Entrevista com os criadores – Edição 12: The Smiling Man: Famicom Detective Club – Capítulo 3
05/09/2024
Alguns vídeos e imagens aqui apresentados foram criados durante o desenvolvimento do jogo.
O conteúdo deste artigo foi publicado originalmente em japonês.
Capítulo 3: Uma nova abordagem, um novo ambiente
Que outros elementos, além da história, são essenciais para o desenvolvimento de um jogo de aventura?
Sakamoto:
O primeiro passo fundamental é criar o que nós chamamos de "lógica", por outras palavras, as mecânicas de jogo que permitem que a história funcione enquanto parte do jogo.
Como é que se cria essa "lógica"?
Miyachi:
Através de folhas de cálculo. Ao utilizarmos múltiplas folhas de cálculo, organizamos parâmetros como o fundo a utilizar em cada cena, a música que toca em cada momento e para que cena saltamos se cumprirmos certas condições.
Sakamoto:
Também usámos as folhas de cálculo para gerir a progressão do jogo. Depois, carregámo-las para uma ferramenta e executámo-la. Desenvolver a lógica de modo a que nada falhasse foi... uma tarefa meticulosa. (Risos)

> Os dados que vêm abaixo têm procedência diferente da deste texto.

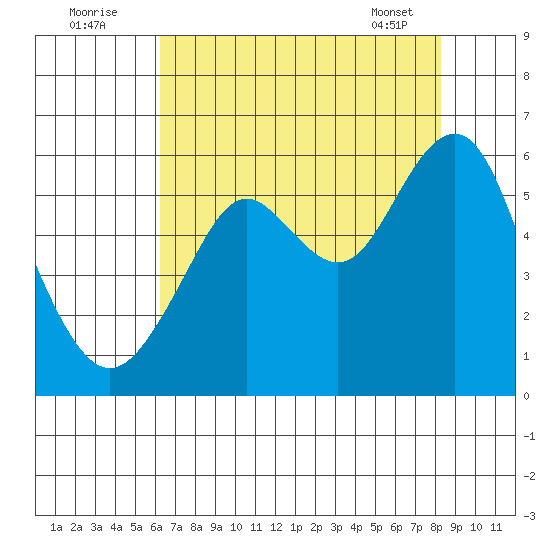 Hunters Point tide chart for Tuesday, August 3, 2021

Estes documentos são incrivelmente detalhados.
Miyachi:
O mais ínfimo erro presente no ficheiro poderia levar a narrativa no caminho errado e, por vezes, não conseguia perceber onde tinha cometido um erro.
Sakamoto:
Durante o desenvolvimento de Famicom Detective Club PART II: The Girl Who Stands Behind para a Super Famicom, usei diferentes ferramentas e construí a lógica sozinho. Desta vez, a Miyachi-san reviu atentamente cada detalhe da lógica e inseriu as correções necessárias.
Miyachi:
O Sakamoto-san queria muito mostrar-me o que tinha feito, até declarou presunçosamente: "Sou a única pessoa que consegue criar a lógica desta série, olha para isto!" Mas quando experimentei, não achei muito divertido. (Risos)
Todos:
(Risos)
Miyachi:
É claro que a lógica estava bem organizada, a história fazia sentido. Mas fiquei com a impressão de que faltava qualquer coisa. Enquanto eu pensava na melhor maneira de dar as más notícias ao Sakamoto-san, ele disse-me: "Podes ser honesta." E foi o que eu fiz: "Não achei muito divertido."
Sakamoto:
Fiquei estupefacto. (Risos) Sempre tive o hábito, desde que trabalhava sozinho, de não tornar a lógica demasiado fácil de resolver. Acabei por torná-la demasiado complexa. Mas percebi que não tem piada se não a conseguirem resolver. Quero que os jogadores sintam que alcançam algo quando resolvem um quebra-cabeças, mas não devia dificultá-los tanto que nem consigam equacionar como os solucionar. Foi realmente desafiante manter o equilíbrio certo ao longo do jogo.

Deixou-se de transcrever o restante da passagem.